The goal of this project is to explain major features of the data we have identified and briefly summarize our plans for creating the prediction algorithm for the next English word you will type.
The motivation of this example is to:
This is intended as a short summary. Pre-processing of data and extraction of preliminary features as a preparation of the prediction algorithm to be used.
This report is fully reproducible. Execution on a local environment will cause the installation of required libraries and dependencies.
We start pre-processing by loading the necessary libraries:
pacman::p_load(ngram, ggplot2, gridExtra)
We download and unzip the zipped file as needed (checks for existence). We cannot use knitr caching due to a crash of an underlying C library.

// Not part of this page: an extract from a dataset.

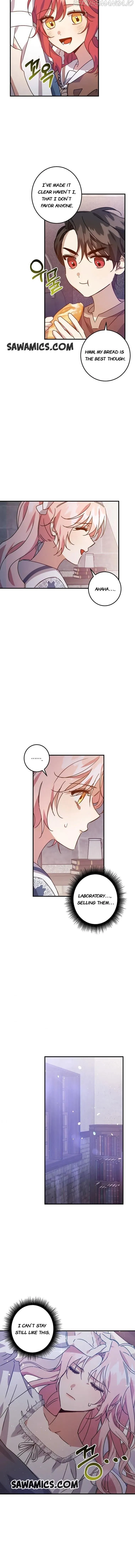 I Raised the Villains Preciously Chapter 4.5 Online - página 2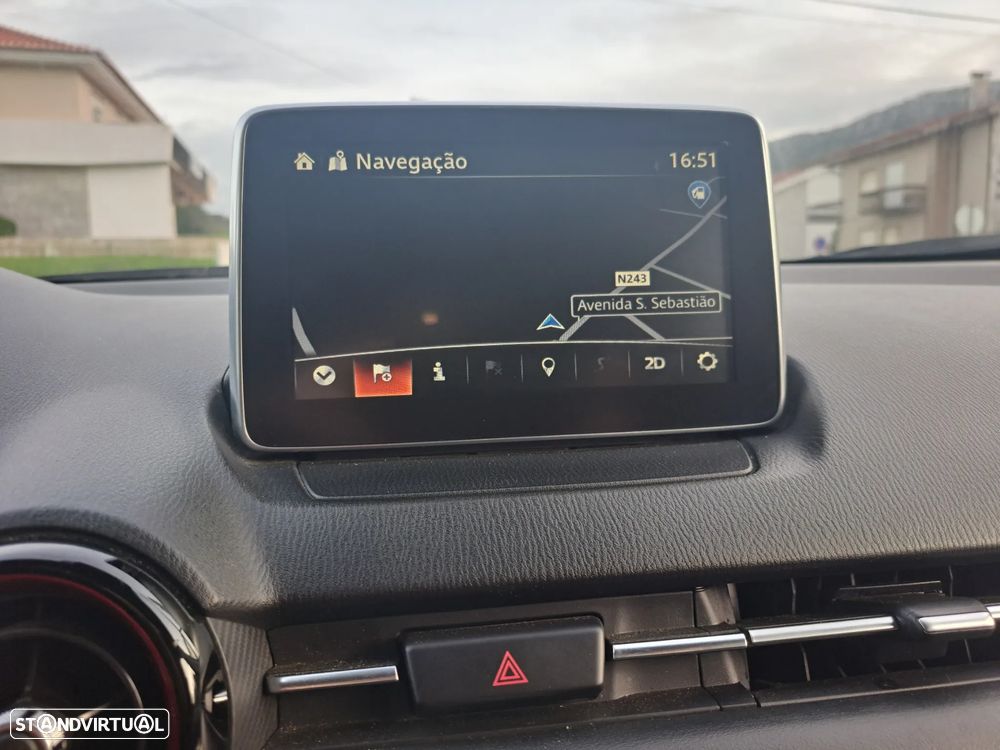 Mazda CX-3 1.5 Sky.Special Edition Navi - 25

url <- 'https://d396qusza40orc.cloudfront.net/dsscapstone/dataset/Coursera-SwiftKey.zip'
file <- 'training.zip'
if (!file.exists(file)) {
download.file(url, destfile=file, method='curl')
}
if (!file.exists('final')) {
unzip(file)
}
We read each of the files individually. Given the nature of this exploration we limit each files to a maximum number of lines.
twitter <- readLines('final/en_US/en_US.twitter.txt', n=10000)
blogs <- readLines('final/en_US/en_US.blogs.txt',n=10000)
news <- readLines('final/en_US/en_US.news.txt',n=10000)
Since each source differ in each line lengths, we should expect different volumes of data per source. At this point it should not be relevant.
For each source - twitter, blogs, and news we extract unigrams, bigrams and trigrams - what is relevant for this analysis.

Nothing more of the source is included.